It wasn't really a lie and he didn't mind if the good Captain thought less of him, for it was all part of the act.


----------



## Verbatim (Jan 30, 2007)

_The Sylvan Glade_



			
				industrygothica said:
			
		

> "Good day to you too, ma'am," Riley says as he stands up and extends his hand in greeting.  His friendly tone belied the sarcasm in the statement; he was well aware that she hadn't bid them a good day, or even said hello, for that matter.  Still, he presented a wide smile and a helping hand, though he was sure that he already didn't like the woman.
> 
> "I'm certain Mr. Himdahl will be with us soon enough.  Just getting a feel for the place, I'm sure.  Won't you sit with us?" he asks as he produces a chair for her.




"Thank you, but no. There are many things I need to see to check on besides the stew."

Glancing towards the cowled form of Shadowleaf, Captain Ghini appeared ready to speak to him when Albion/Himdahl entered the inn.

Turning around at his entrance, Albion saw the woman's features soften slightly, but was not sure what if he had missed something, or if he was seeing something that wasn't there. She simply nodded slightly at his explanation and then addressed them all.

"I asked Sven to bring me back experienced hunters from Dagger Falls, and I get a group of rowdies and merchant guards. The last merchant that brought guards with him was torn to shreds in his sleep, but so far you have fared better than he did with his first meeting. The offer is five silver per wolf slain and I would hope you realize the town is giving all they can for a bounty so high."


----------



## hippocrachus (Jan 30, 2007)

"Daryc Himdahl, furniture merchant out of Luskan," he said and offered Captain Ghini a relaxed handshake. "Like I told Maester Trus: Waterdeep isn't known for its muscle, Captain Ghini."  He gave her a contrite smile and sat down with the others.
_It must be the most exciting thing to happen to Aulbesmil in two generations,_ he thought while listening with an intent look. He wanted to hear the others say the offered bounty was fine before doing so himself. They were as much _his_ merchant guards as he was a merchant, afterall.


----------



## hero4hire (Feb 1, 2007)

Ulrich falls silent when he hears the townsfolk will be strapped financially with paying them the bounty.

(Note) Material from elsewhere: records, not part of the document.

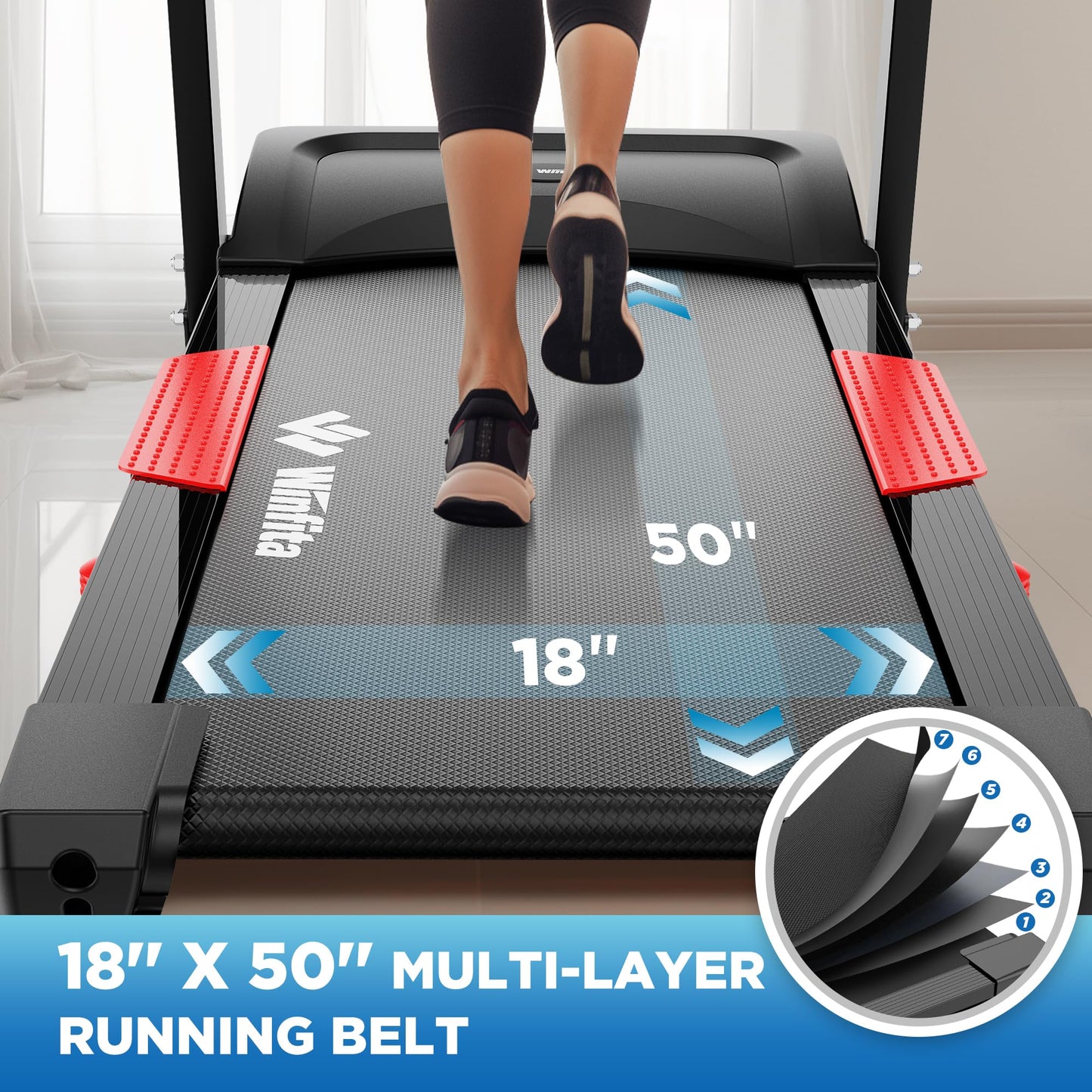 Winfita 4.0HP Treadmill for Home, Folding Treadmill with 15% Auto Incline, 300 LBS Capacity, 10 MPH Max Speed, 18'' x 50'' Wide Belt,App, 64 Preset Programs, Pulse Monitor, BMI Detector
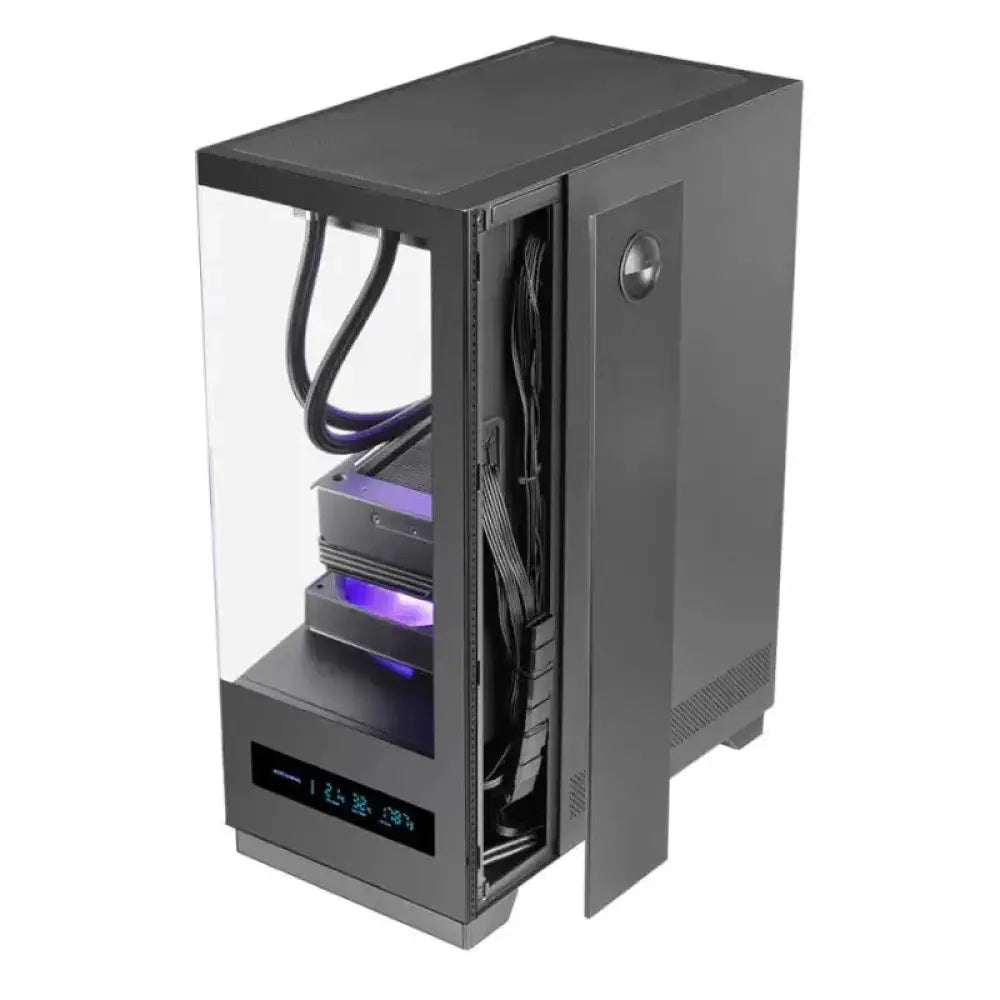 Caja ATX MARS GAMING para monitor negro, torre de microtorre con diseño moderno y espacio para componentes de PC.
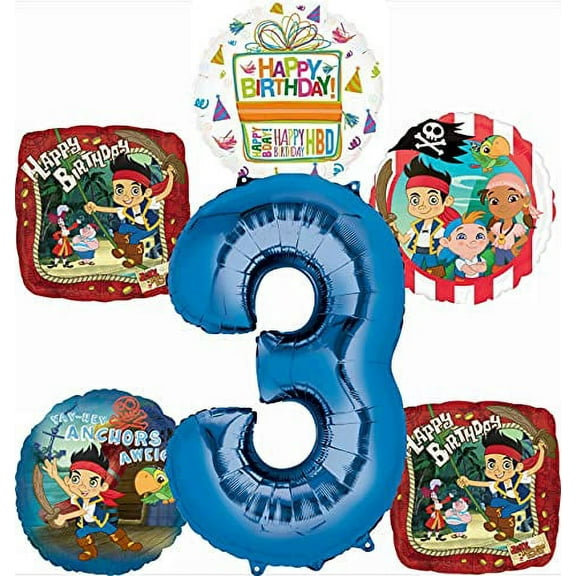 Jake and the Neverland Pirates Party Supplies 3rd Birthday Balloon Bouquet Decorations 6pc set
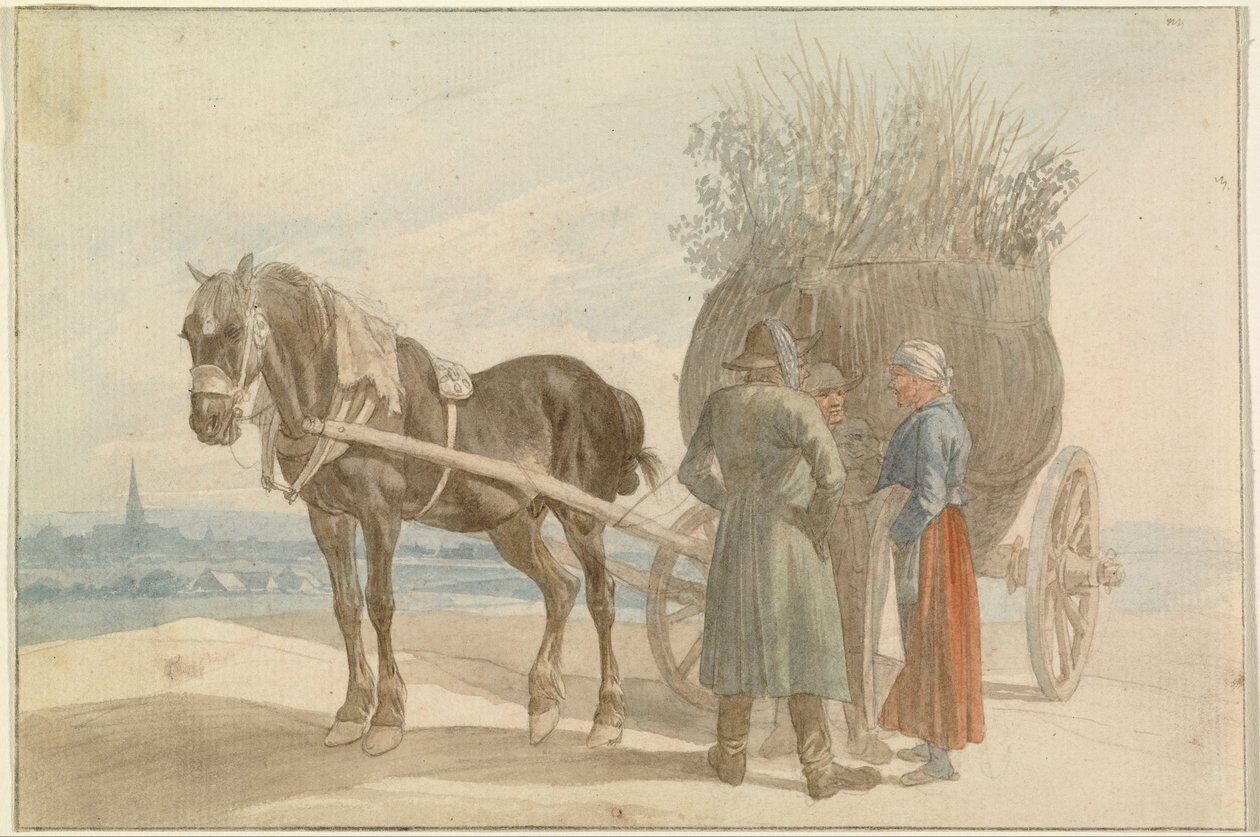 Österreichische Bauern mit Pferd und Wagen, mit Wien in der Ferne von Johann Adam Klein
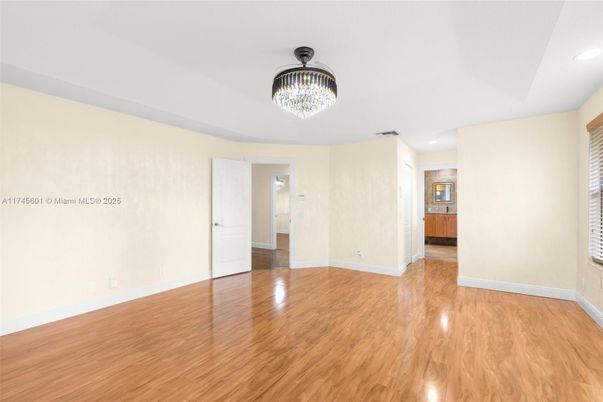 Chandelier, Empty room, Interior, Recessed Lighting, Wood Texture Flooring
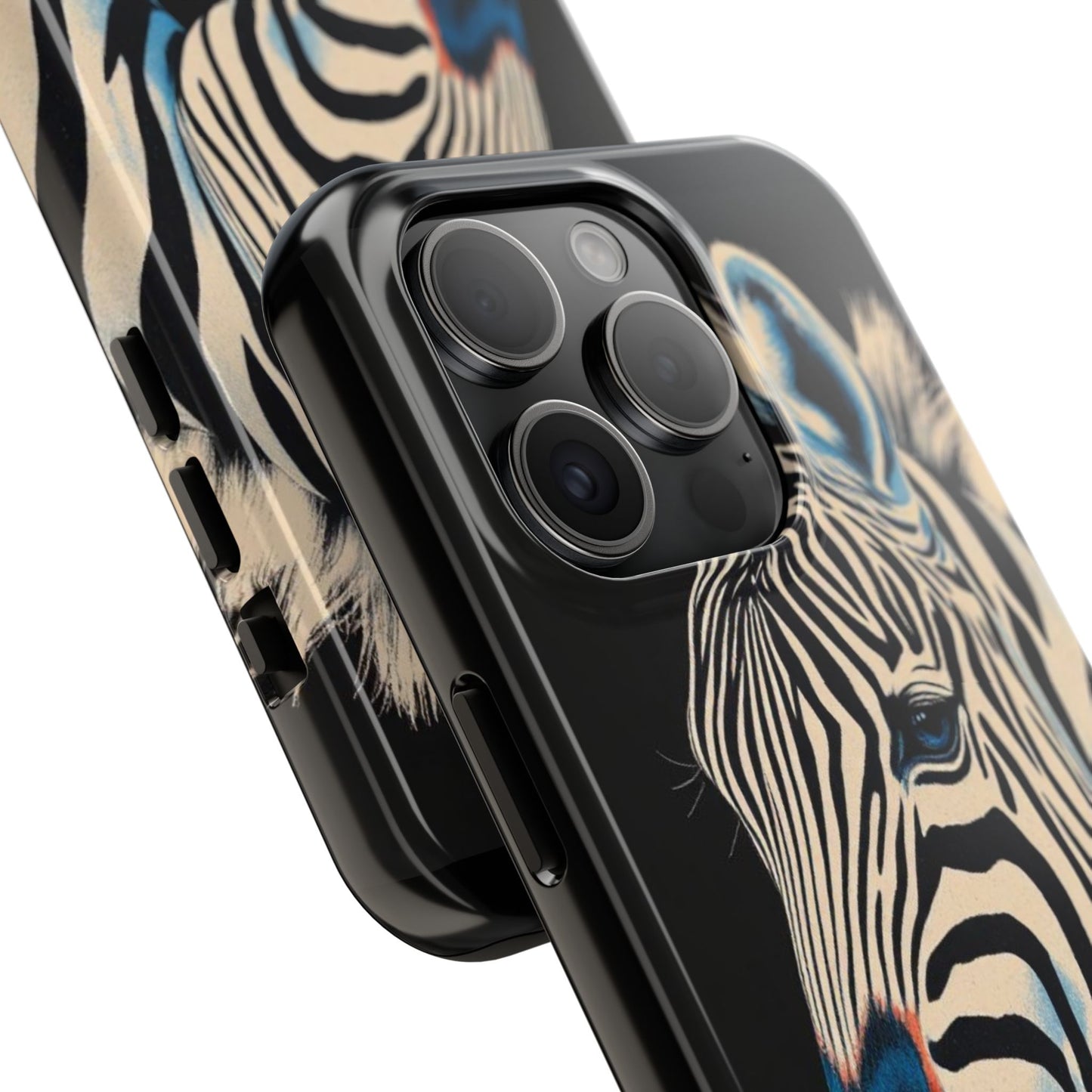 Zebra Tough Phone Case - Trendy Floral Design for Animal Lovers - Blue Zebra & Roses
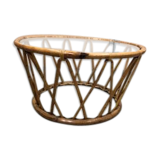 Vintage rattan coffee table year 70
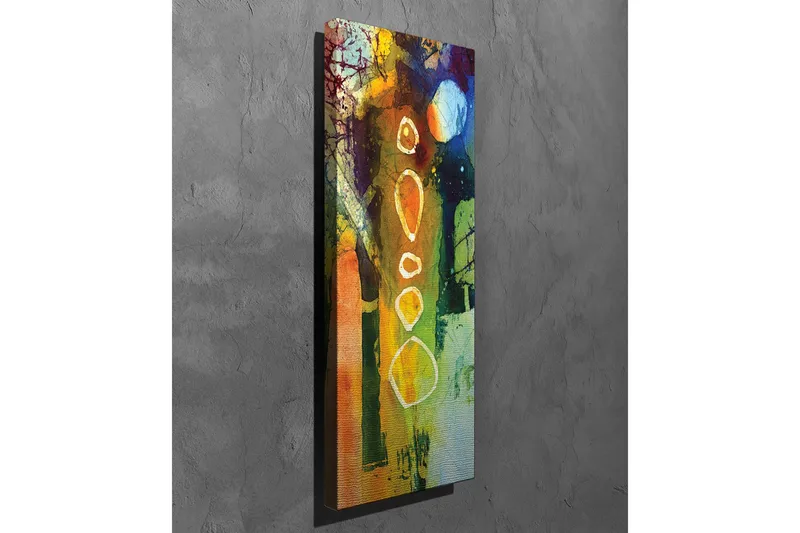 Canvastavla - Abstrakt komposition med geometriska former och färgglada inslag - Grön / Orange / Blå - Inredning & dekor - Tavlor & konst - Canvastavla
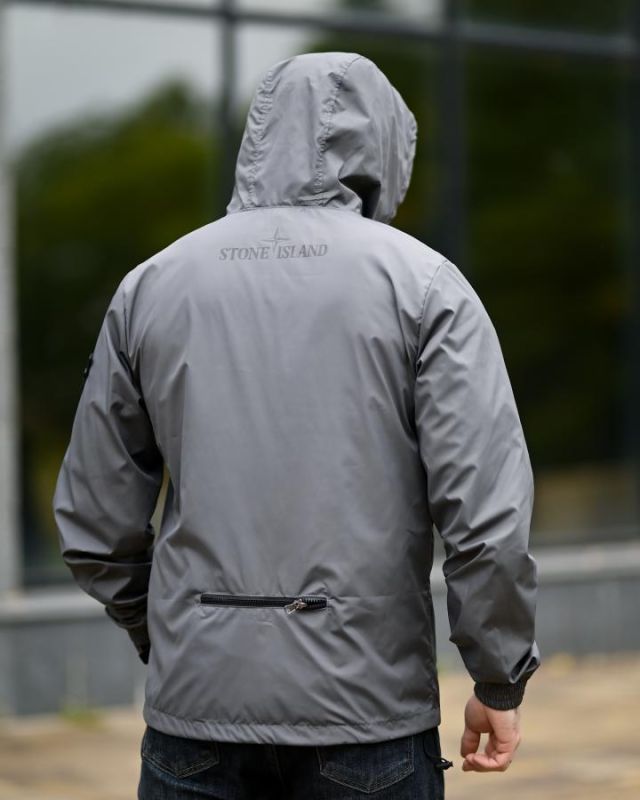 Ветровка карман Stone island grey 4 ПП8001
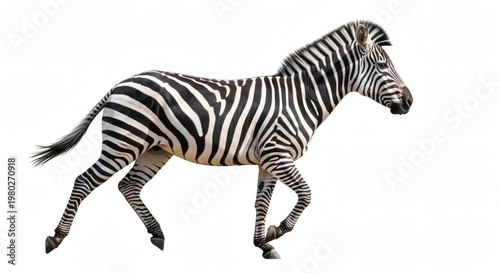 African Plains Zebra Running and Galloping Isolated on White Background
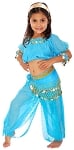 4-Piece Little Girls Arabian Princess Genie Kids Costume - JASMINE BLUE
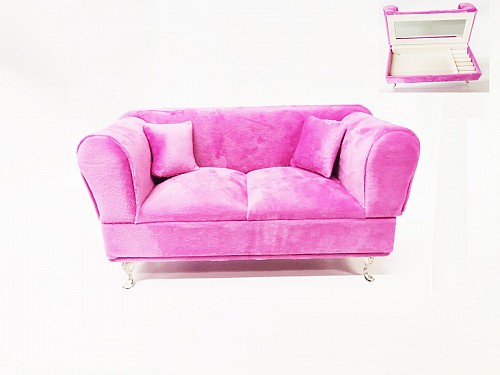 Κοσμηματοθήκη Βελουτέ "καναπές" Με Καθρέφτη Φούξια  24χ14χ11cm c.j Maripel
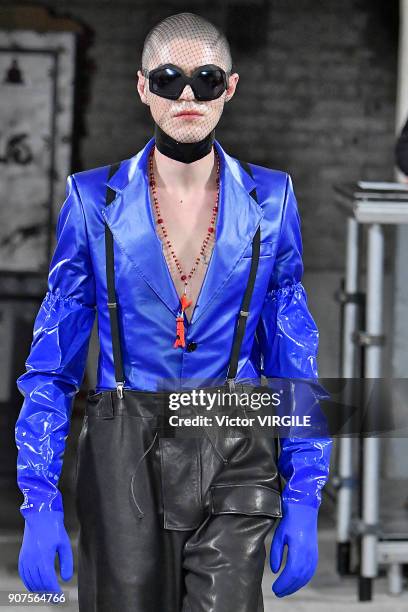 Model walks the runway during the Walter Van Beirendonck Menswear Fall/Winter 2018-2019 show as part of Paris Fashion Week on January 17, 2018 in...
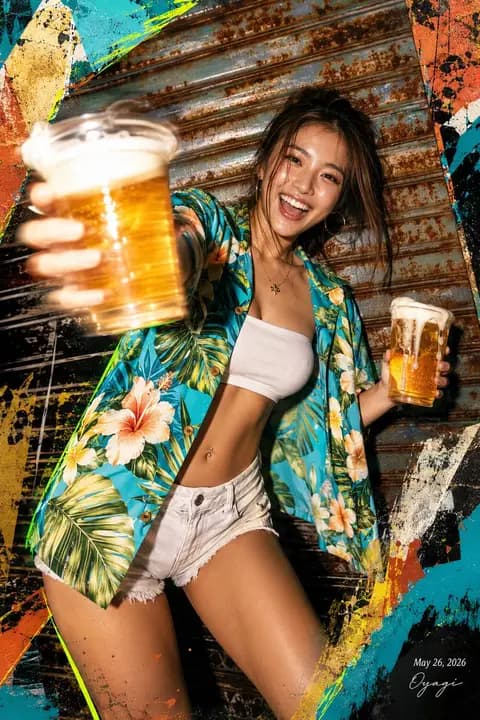 Tropical Beer Party Poster preview image 1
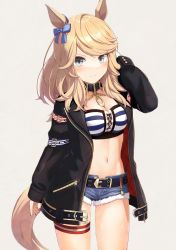 Rule 34 | 1girl, absurdres, animal ears, arm up, bandeau, belt, black belt, black choker, blonde hair, blue eyes, blue nails, blush, bow, breasts, chain, choker, cleavage, closed mouth, collarbone, commentary, cowboy shot, cutoffs, denim, denim shorts, ear bow, ear covers, ear ornament, eyebrows hidden by hair, gloves, gold chain, gold city (umamusume), groin, haiyuki yuki, highres, horse ears, horse girl, horse tail, jacket, long hair, long sleeves, looking at viewer, medium breasts, midriff, multicolored nails, nail polish, navel, open clothes, open jacket, red nails, shorts, sidelocks, simple background, single ear cover, single glove, skindentation, smile, solo, standing, striped bandeau, swept bangs, tail, thigh strap, umamusume, white background, white gloves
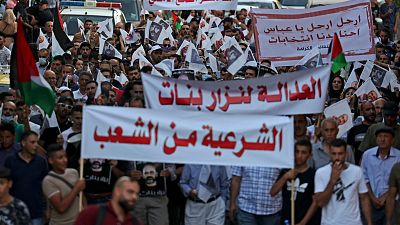 احتجاجات ضد الرئيس الفلسطيني في رام الله 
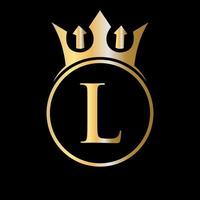 Luxury Letter L Crown Logo. Crown Logo for Beauty, Fashion, Star, Elegant Sign vector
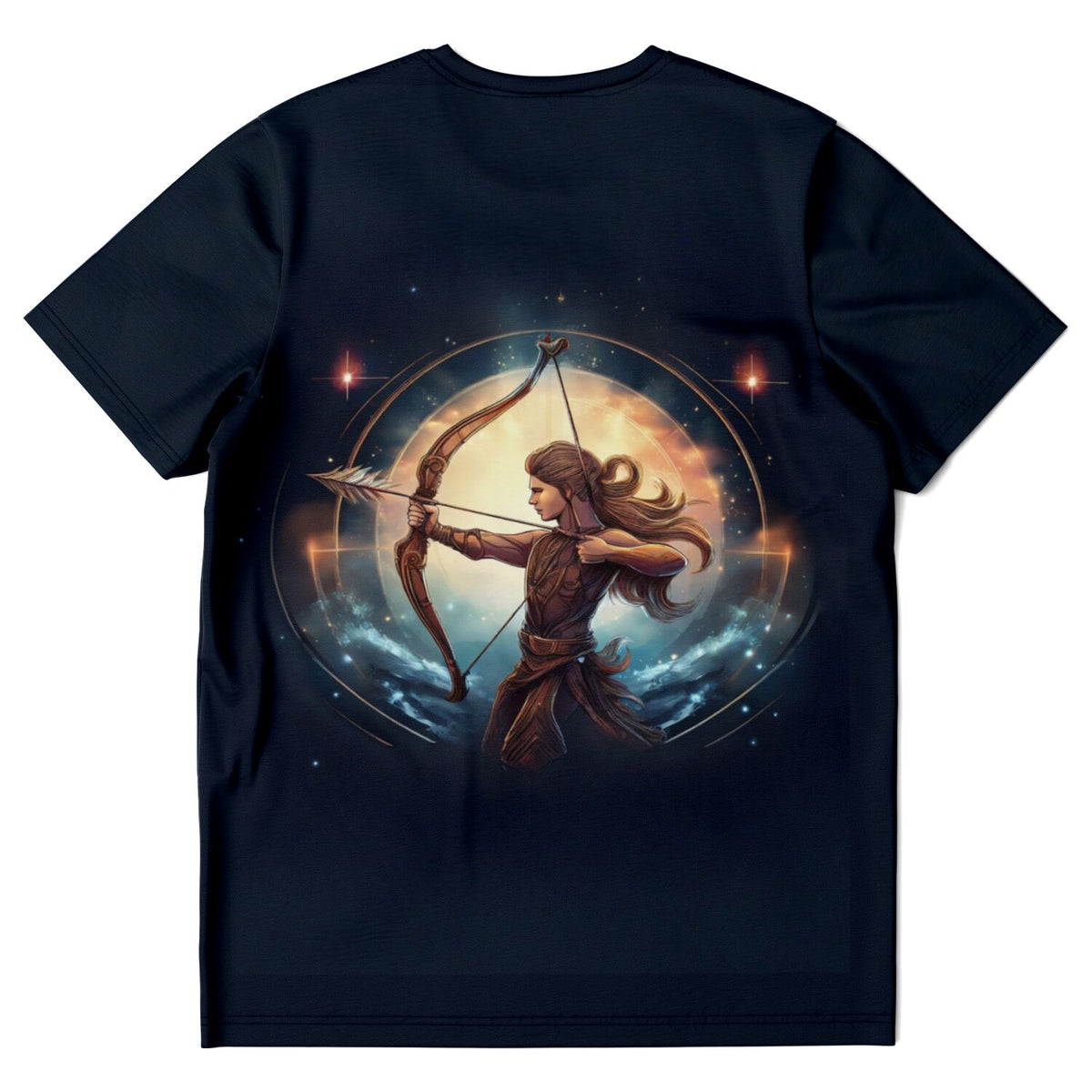 Schwarzes T-Shirt mit kunstvollem Schütze-Sternzeichen-Motiv, Bogenschütze im Fantasy-Design für Fans von DIY-Kunst.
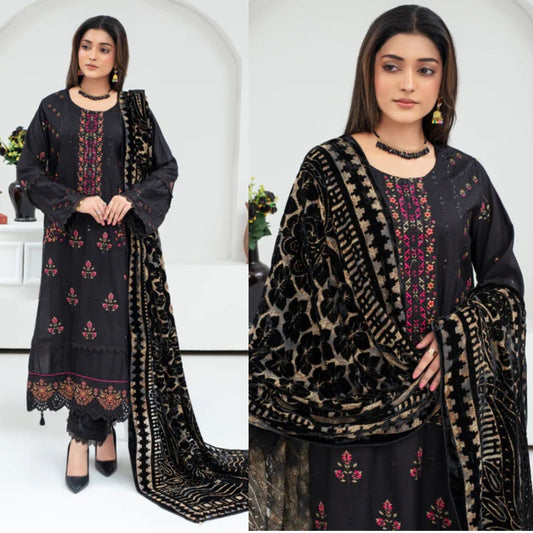 3PCS CREATION Dhanak Chikankari Embroidered Shirt With Velvet Plachi Shawl Winter Collection ULM- 2101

Once they were done, he would give most of his share back, keeping just enough to live on. The Ilamatari would have it no other way.


----------



## xmanii (Feb 1, 2007)

Khondar continues eating as he listens to the lady.


----------



## industrygothica (Feb 1, 2007)

Riley really hadn't thought about any sort of payment for hunting the wolves.  He was honestly just in it for the adventure.  A few coins would be nice, however, but he'd probably refuse most of it when the time came.  He kept those thoughts to himself for the time being, however, and continued listening to the captain.


----------



## hippocrachus (Feb 1, 2007)

"That will be acceptable, Captain. I don't think any of us are in it for the money..." Albion said after a few moments of thoughtful silence all around.
_Under different circumstances, I'd be in it for the money,_ he added to himself.
"We have four skins as it were. Would you care to discuss strategies with us over dinner tonight? We're buying..."


----------



## Verbatim (Feb 1, 2007)

hippocrachus said:
			
		

> "That will be acceptable, Captain. I don't think any of us are in it for the money..." Albion said after a few moments of thoughtful silence all around.
> _Under different circumstances, I'd be in it for the money,_ he added to himself.
> "We have four skins as it were. Would you care to discuss strategies with us over dinner tonight? We're buying..."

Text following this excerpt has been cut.